Críticas

Crítica | O Filho de Saul

Uma das possíveis traduções para o nome hebreu Saul é “conseguido por meio de orações”. Na tradição judaico-cristã, o primeiro rei de Israel, hoje o único Estado de maioria judia do mundo, chama-se assim. O longa-metragem húngaro na disputa pelo Oscar de filme estrangeiro, O Filho de Saul (Saul fia, no original), foca no trágico episódio vivido por esse povo e já bem conhecido do cinema: o holocausto nazista, que vitimou cerca de seis milhões de judeus.

O roteiro de László Nemes e Clara Royer tem como núcleo principal os integrantes dos Sonderkommandos: judeus recrutados entre os recém-chegados aos campos de extermínio, obrigados a ajudar nas tarefas diárias, como empilhar os corpos, limpar a câmara de gás e jogar fora as cinzas. Isso até serem considerados desnecessários e receberem o mesmo fim dos demais.

O modus operandi dos oficiais nazistas é clássico: conduzem as vítimas até as câmaras alegando que eles foram escolhidos para trabalhar e que receberão banho e comida. Enquanto o gás dizima judeus, Saul Ausländer (interpretado por Géza Röhrig) revira as roupas atrás de coisas brilhantes e separa as peças para serem descartadas. Agem feito robôs, como se os gritos fossem amortecidos a cada nova rodada no matadouro.

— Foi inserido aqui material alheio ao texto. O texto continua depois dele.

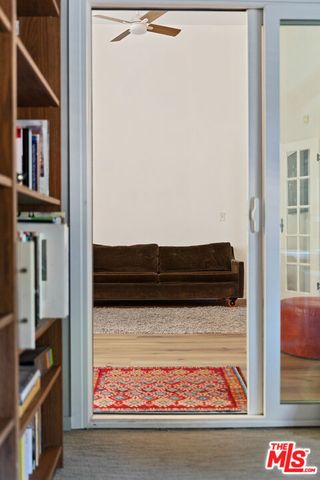22429 Bessemer Street, Woodland Hills (los Angeles), CA 91367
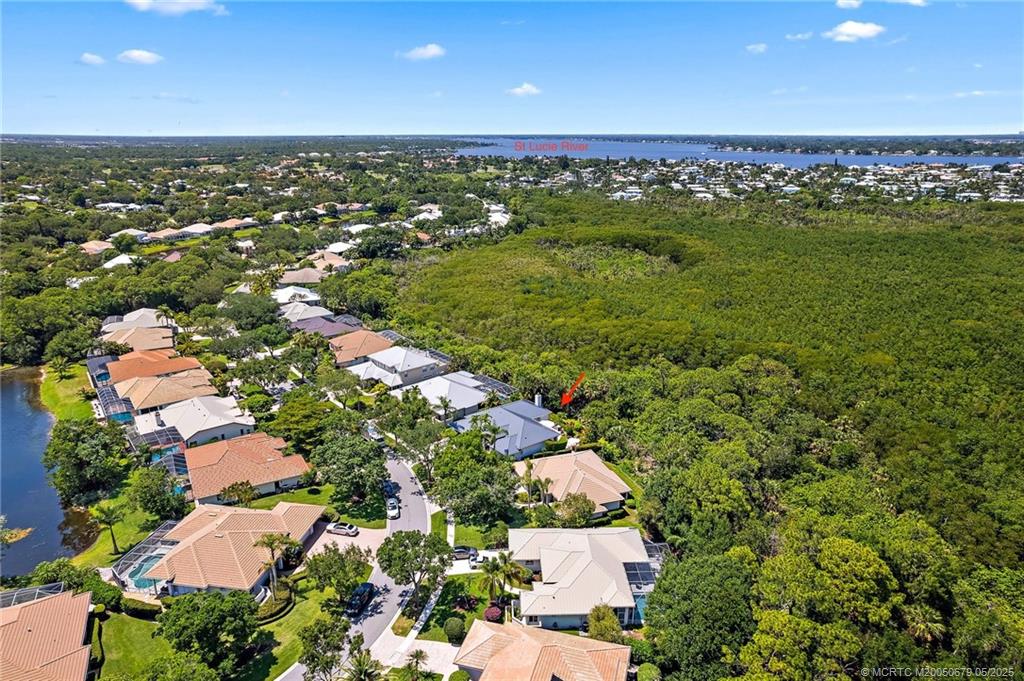 922 SW Lighthouse Drive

Saul é chamado de volta à dolorosa realidade quando algo diferente acontece: um garoto sobrevive ao gás. O médico alemão é chamado e o clima fica ainda mais pesado com o que vem depois: ele sufoca o menino até a morte. É um daqueles momentos que dispensam sangue para revirar o estômago. Uma cena que ajuda a dimensionar a crueldade e frieza dos seguidores de Adolf Hitler.

A partir daí, Nemes conta duas histórias simultaneamente. Enquanto acompanhamos a procura de Saul por um rabino que possa realizar os rituais de sepultamento do menino (que ele diz ser seu filho), uma rebelião começa a se formar quando se aproxima a execução dos Sonderkommandos.

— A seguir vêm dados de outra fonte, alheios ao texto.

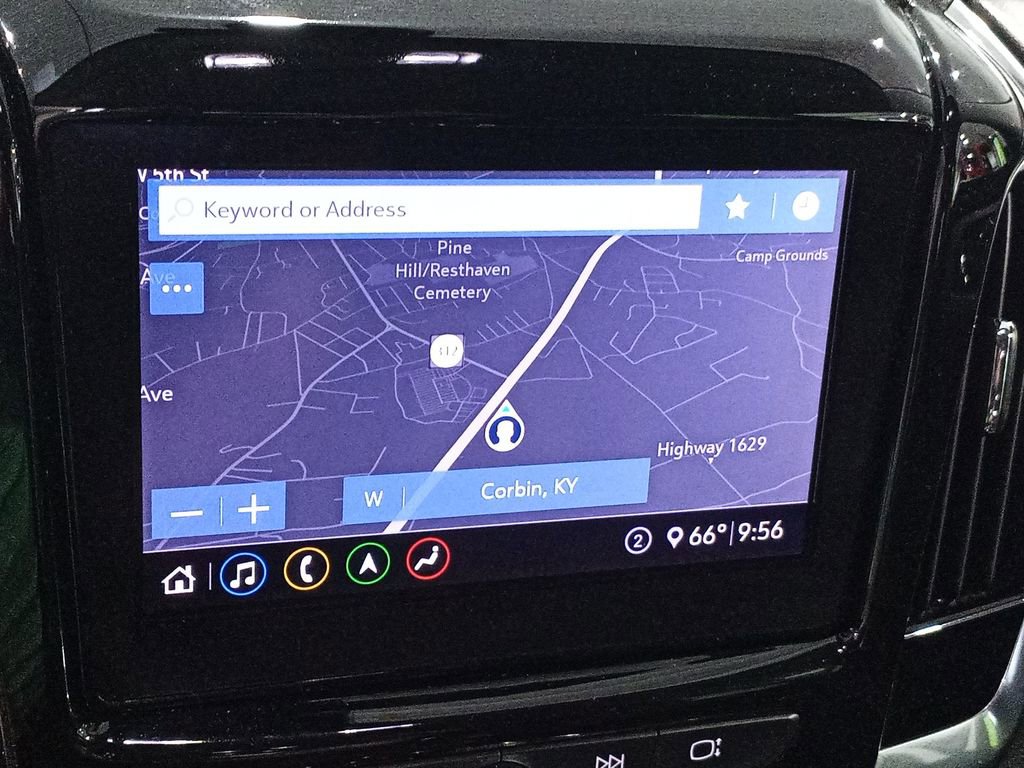 Used 2021 Chevrolet Traverse RS FWD image 22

A fotografia de Mátyás Erdély segue o protagonista de perto, trabalhando com um campo focal pequeno, sufocado ainda mais pela gravação em janela clássica (4:3). A câmera parece estar sempre na mão e é precisa na movimentação. Dentro dos dormitórios, o amarelo dá o tom, deixando clara a situação precária da instalação. A indiferença ao ambiente é um privilégio apenas dos personagens, pois a edição de som primorosa nos afunda de cabeça no filme de Nemes, que tem nele o seu primeiro longa-metragem. Anteriormente, ele dirigiu e roteirizou três curtas, lançados entre 2007 e 2010 – além de desempenhar outras funções em outros títulos menores. O filme valoriza os planos-sequência e corta com leveza, utilizando-se às vezes de deixas no áudio.

A última cena é poética e mantém a dúvida levantada durante longa. Quando os créditos sobem alguns espectadores podem reclamar das perguntas não respondidas. Porém, as pontas soltas não estragam o longa nem diminuem o desconforto que ele traz. O Filho de Saul não é apenas a reconstituição do que aconteceu em Auschwitz- Birkenau, no dia em 7 de outubro de 1944. É também, ao que me pareceu, a busca de Saul por redenção. Enterrar o garoto com dignidade se torna a oportunidade de se redimir pelos trabalhos prestados, mesmo que forçadamente, aos nazistas.